As to claim 12, product claim 12 and method claim 4 are related as method and product of using same, with each claimed element’s function corresponding to the method step. 
As to claim 17, apparatus claim 17 and method claim 4 are related as method and apparatus of using same, with each claimed element’s function corresponding to the method step. Accordingly claim 17 is similarly rejected under the same rationale as applied above with respect to method claim. And, Roblek et al., col. 18, lines 48-62, teach processor(s), CRM, computer code, and memory. 

Regarding claim 5, Roblek et al. discloses the computer-implemented method of claim 4, further comprising producing, using the hardware processor, a converter that converts an utterance of a speaker of the plurality of speakers into a feature vector by training the first model (Roblek et al., col. 2, lines 12-31).  
As to claim 13, product claim 13 and method claim 5 are related as method and product of using same, with each claimed element’s function corresponding to the method step. Accordingly claim 13 is similarly rejected under the same rationale as applied above with respect to method claim. And, Roblek et al., col. 18, lines 48-62, teach processor(s), CRM, computer code, and memory. 
As to claim 18, apparatus claim 18 and method claim 5 are related as method and apparatus of using same, with each claimed element’s function corresponding to the method step. Accordingly claim 18 is similarly rejected under the same rationale as . 


Claim Rejections - 35 USC § 103
The following is a quotation of 35 U.S.C. 103 which forms the basis for all obviousness rejections set forth in this Office action:
A patent for a claimed invention may not be obtained, notwithstanding that the claimed invention is not identically disclosed as set forth in section 102, if the differences between the claimed invention and the prior art are such that the claimed invention as a whole would have been obvious before the effective filing date of the claimed invention to a person having ordinary skill in the art to which the claimed invention pertains.
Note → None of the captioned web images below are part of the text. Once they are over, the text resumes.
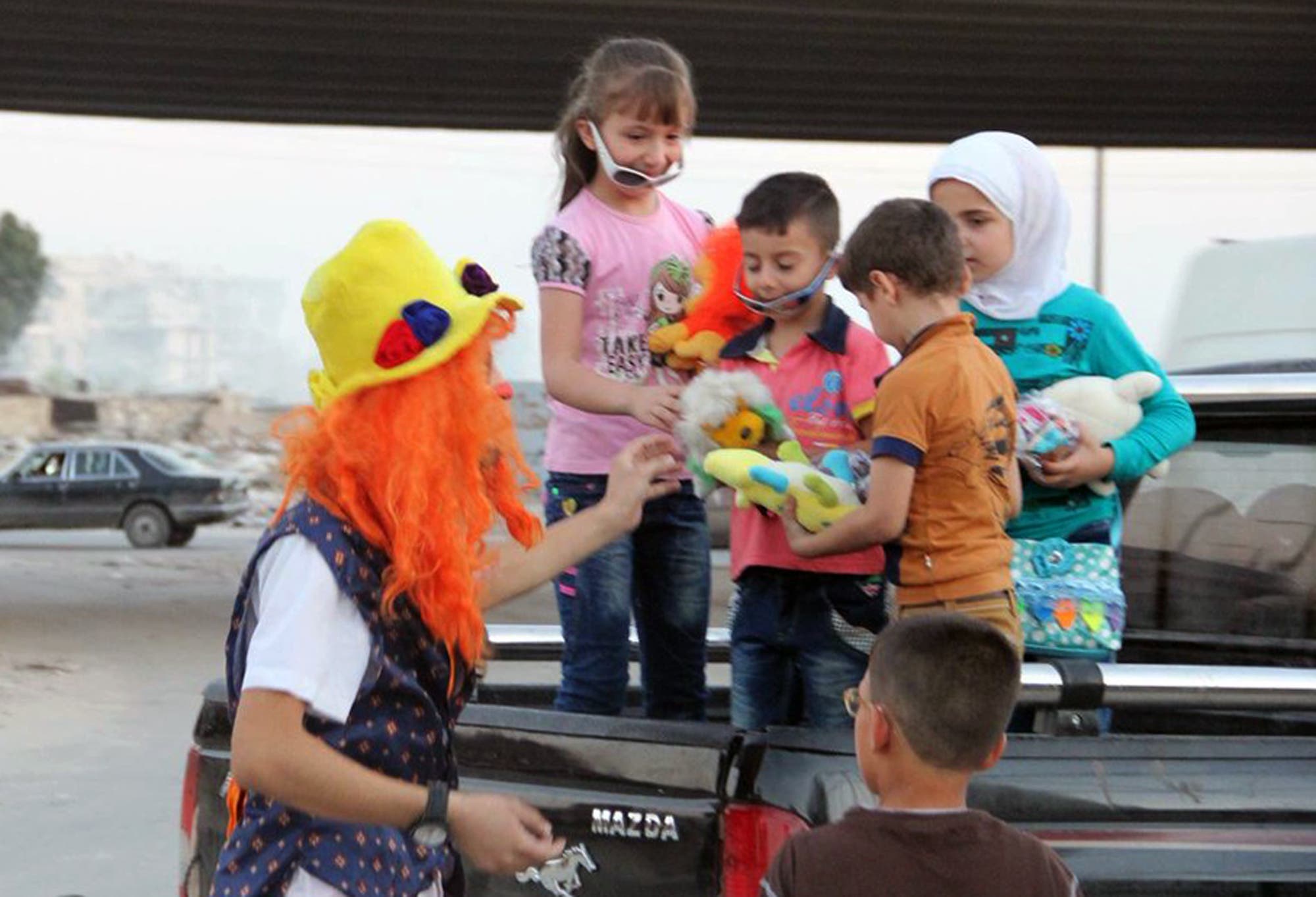 This undated photo courtesy of Ahmad al-Khatib, a media activist in Aleppo, shows Syrian social worker Anas al-Basha, 24, dressed as a clown, distributing toys to children in Aleppo, Syria. AP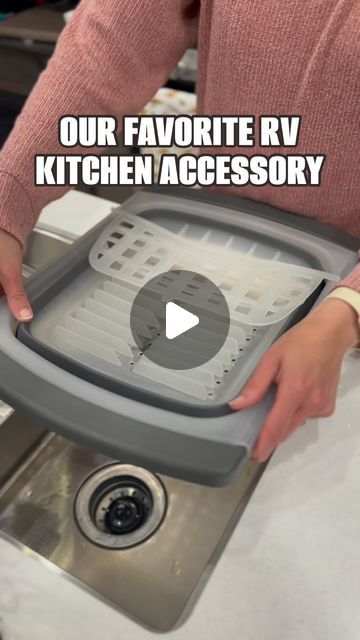 Chris & Amanda | Fulltime RV Travel Family on Instagram: "Don’t do dishes in an RV without this! 🧼  You don’t have a ton of extra space in an RV so it’s important that you buy things that have multiple uses or can easily fold up and be stored away.  That’s exactly what this kitchen accessory does!  When it’s time for dishes, we unfold it and put it on the other half of our double sink.  Once the dishes are dry and put away we simply fold it and store it back under the kitchen counter!  Comment “DISHES” for a link to the one we use!  #rvaccessories #rvproducts #rvtips #camping #rvmusthaves #campingneeds #campingtrip" Rv Kitchen Sink Remodel, Camper Dish Storage, Washing Dishes Camping, Rv Sink Replacement, Rv Dish Drying Rack, Camper Organization Travel Trailers, Rv Kitchen, Camper Organization, Camping Needs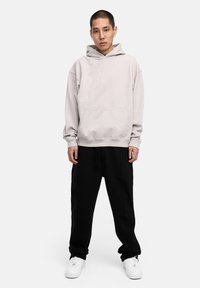 Hellgrauer Kapuzenpullover mit Kängurutasche, über schwarzen Jogginghosen und weißen Sneakern. Lässiger Schnitt, weicher Stoff und lange Ärmel.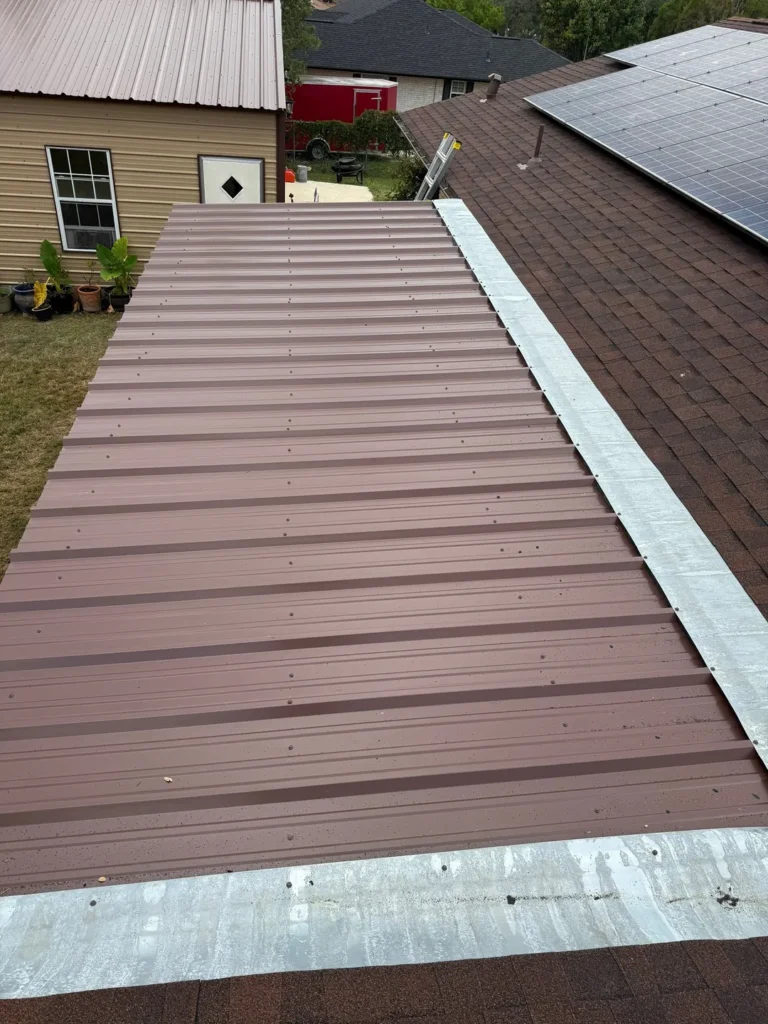 New brown corrugated metal patio roof with galvanized flashing tied into the shingle roof of a Helotes, TX home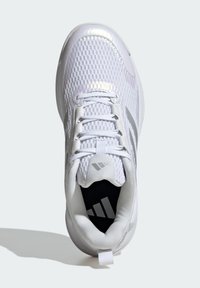 White athletic shoe with a mesh upper, lace-up design, silver accents, and a padded collar. Black insole features a logo. Smooth texture.
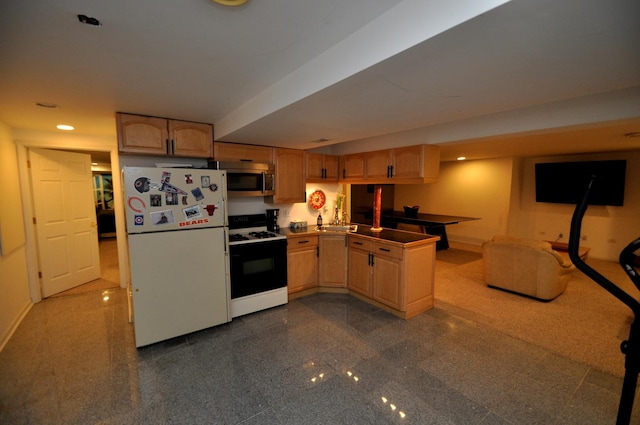 606 Reserve Ln, Joliet, IL 60431 - kitchen with gas stove, freestanding refrigerator, stainless steel microwave, a peninsula, and baseboards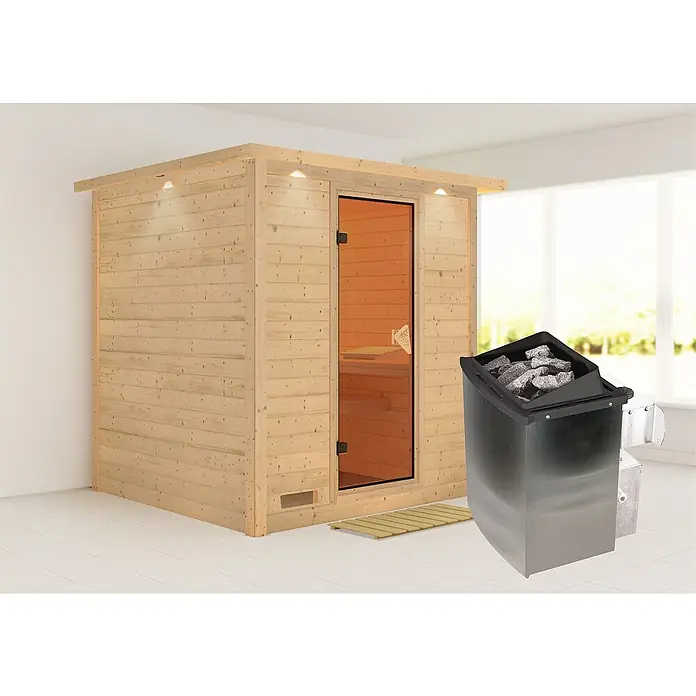 Karibu Elementsauna Mojave - Mit 9 kW Ofen mit integrierter Steuerung, Mit Dachkranz und Beleuchtung, Materialspezifizierung Tür: Ganzglas Bronze, L x B x H: 224 x 210 x 192 cm - Eine moderne Sauna mit einer Glastür und einem Saunaofen mit Steinen für ein entspannendes Saunaerlebnis.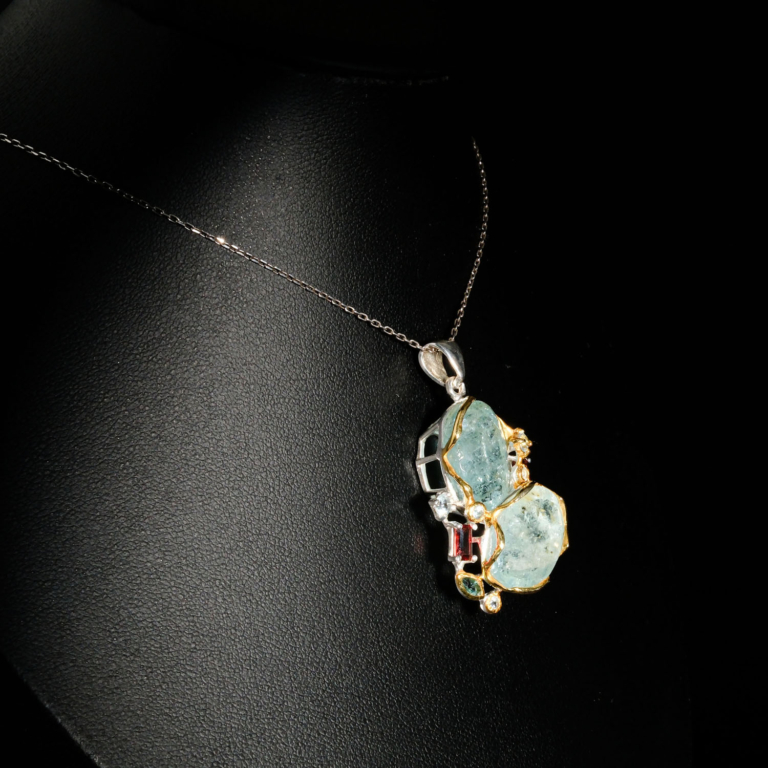 Genuine natural raw aquamarine slice pendant with red tourmaline and blue topaz accents 925 sterling silver black background.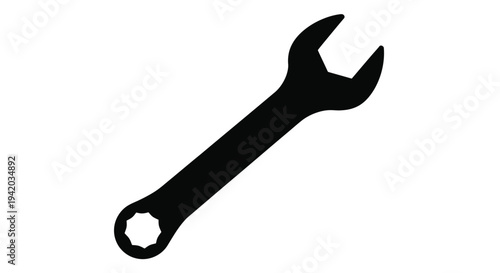 A black wrench tool is prominently displayed as a dark silhouette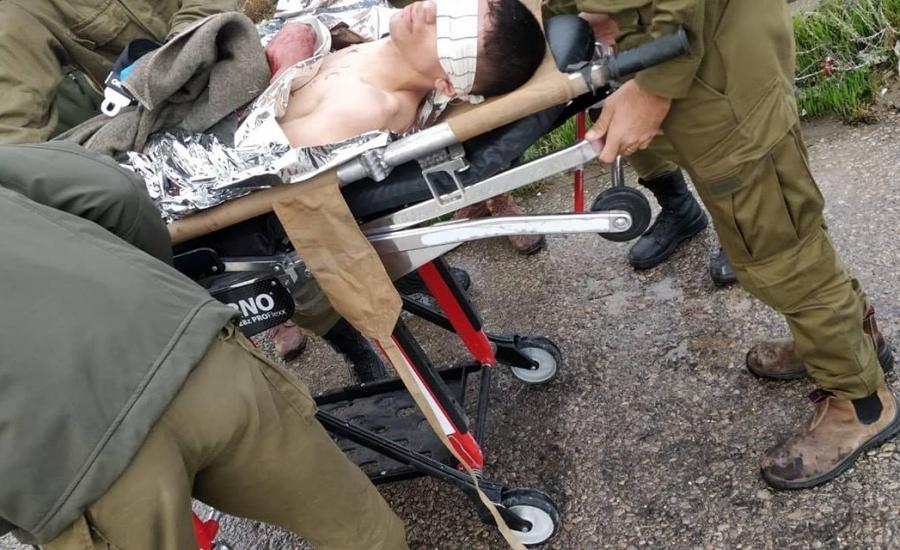 اعتقال شاب بعد اصابتة في غزة 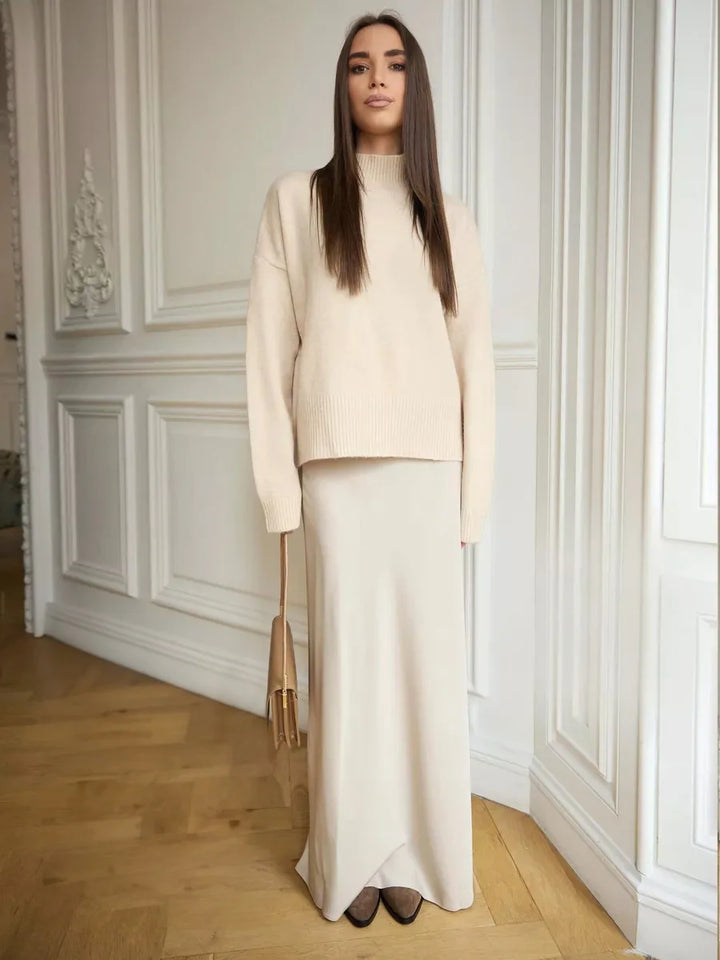 Flattering high-waist long skirt with a dramatic fishtail hem for evening.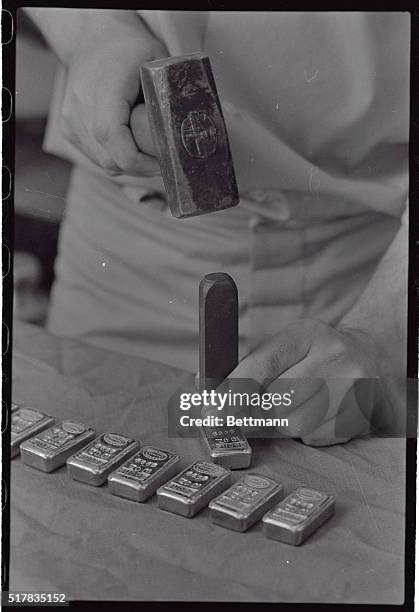 Name, weight and lot number are stamped on 10-ounce gold bars by hand at the Johnson Matthey Ltd. Plant at Brampton recently. The Bache gold bar can...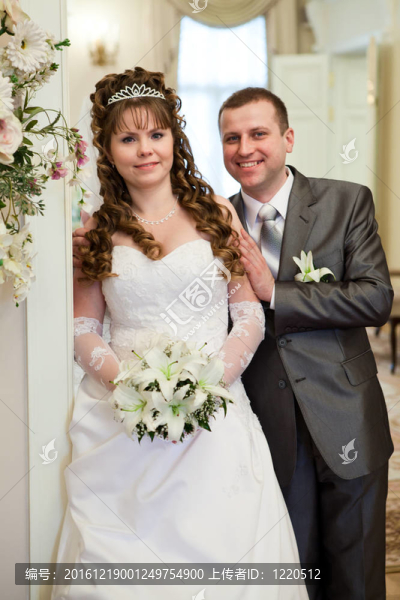 幸福的新婚夫婦站在一起的白種人。白色的衣服和灰色西裝。一串百合花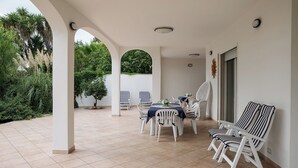 A covered patio with a table and chairs, surrounded by greenery and a tiled floor. - Magnificent sea view villa with large garden, a few steps from the sea (Gallipoli)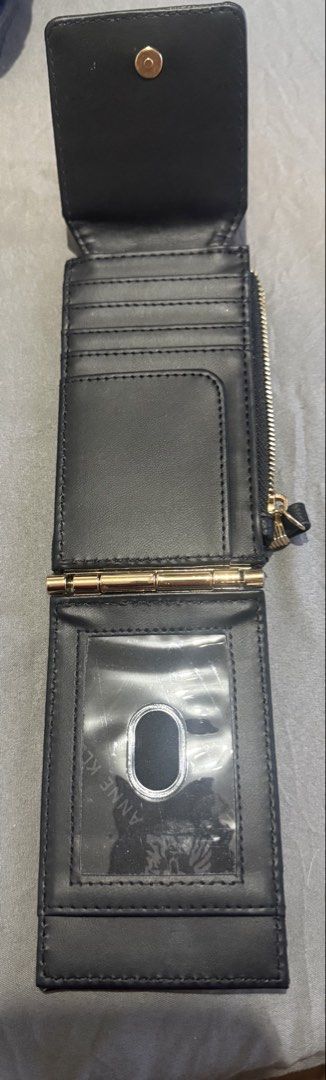 Anne Klein Black Folding Wallet with Card Slots (Category: Wallets & Card holders) located in Cainta. Submitted by mykee1 (Listing ID 1468370357, Image 1). Description: All must go! From US - Brand: Anne Klein - Material: Black faux leather with gold-tone hardware - Design: Tri-fold with secure snap button closure - Features: Multiple card slots, clear ID window with visible branding, and side zipper coin pocket - Size: Compact, fits easily in sm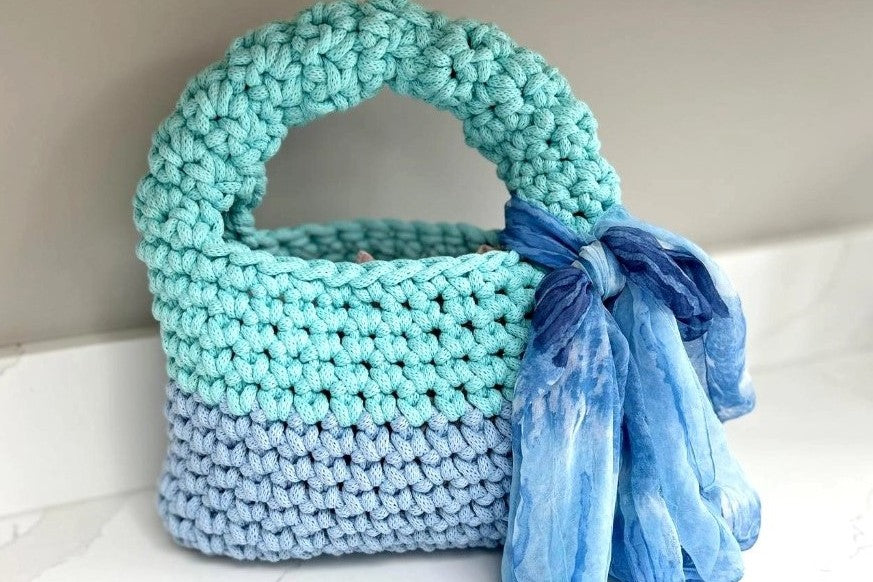 Blue hand crocheted bag with ribbon attached to handle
Patentability shall not be negated by the manner in which the invention was made.

Claims 6-7, 14, and 19 is/are rejected under 35 U.S.C. 103 as being unpatentable over US 9542948, hereinafter referred to as Roblek et al., in view of “Ensemble Additive Margin Softmax for Speaker Verification”, hereinafter referred to as Yu et al. 

Regarding claim 6, Roblek et al. discloses the computer-implemented method of claim 4, but not wherein performing the plurality of tasks includes using a value of at least one hyperparameter of the task using the first subset of training data that is different from the value of the at least one hyperparameter of the task using the at least one second subset of training data. Yu et al. is cited to disclose wherein performing the plurality of tasks includes using a value of at least one hyperparameter of the task using the first subset of training data that is different from the value of the at least one hyperparameter of the task using the at least one second subset of training data (Yu et al., sec. 3.1, 3rd Yu et al. benefits Roblek et al. by incorporating the AM-Softmax loss function to improve speaker verification (Yu et al., Abstract). Therefore, it would be obvious for one skilled in the art to combine the teachings of Roblek et al. with those of Yu et al. to improve the speaker identification of Roblek et al. 
As to claim 14, product claim 14 and method claim 6 are related as method and product of using same, with each claimed element’s function corresponding to the method step. Accordingly claim 14 is similarly rejected under the same rationale as applied above with respect to method claim. And, Roblek et al., col. 18, lines 48-62, teach processor(s), CRM, computer code, and memory. 
As to claim 19, apparatus claim 19 and method claim 6 are related as method and apparatus of using same, with each claimed element’s function corresponding to the method step. Accordingly claim 19 is similarly rejected under the same rationale as applied above with respect to method claim. And, Roblek et al., col. 18, lines 48-62, teach processor(s), CRM, computer code, and memory. 

Regarding claim 7, Roblek et al., as modified by Yu et al., discloses the computer-implemented method of claim 6, wherein the at least one hyperparameter is a margin of loss function (Yu et al., sec. 3.1, 3rd para).  


Claim 8 is/are rejected under 35 U.S.C. 103 as being unpatentable over US 9542948, hereinafter referred to as Roblek et al., in view of US 20180293988, hereinafter referred to as Huang et al.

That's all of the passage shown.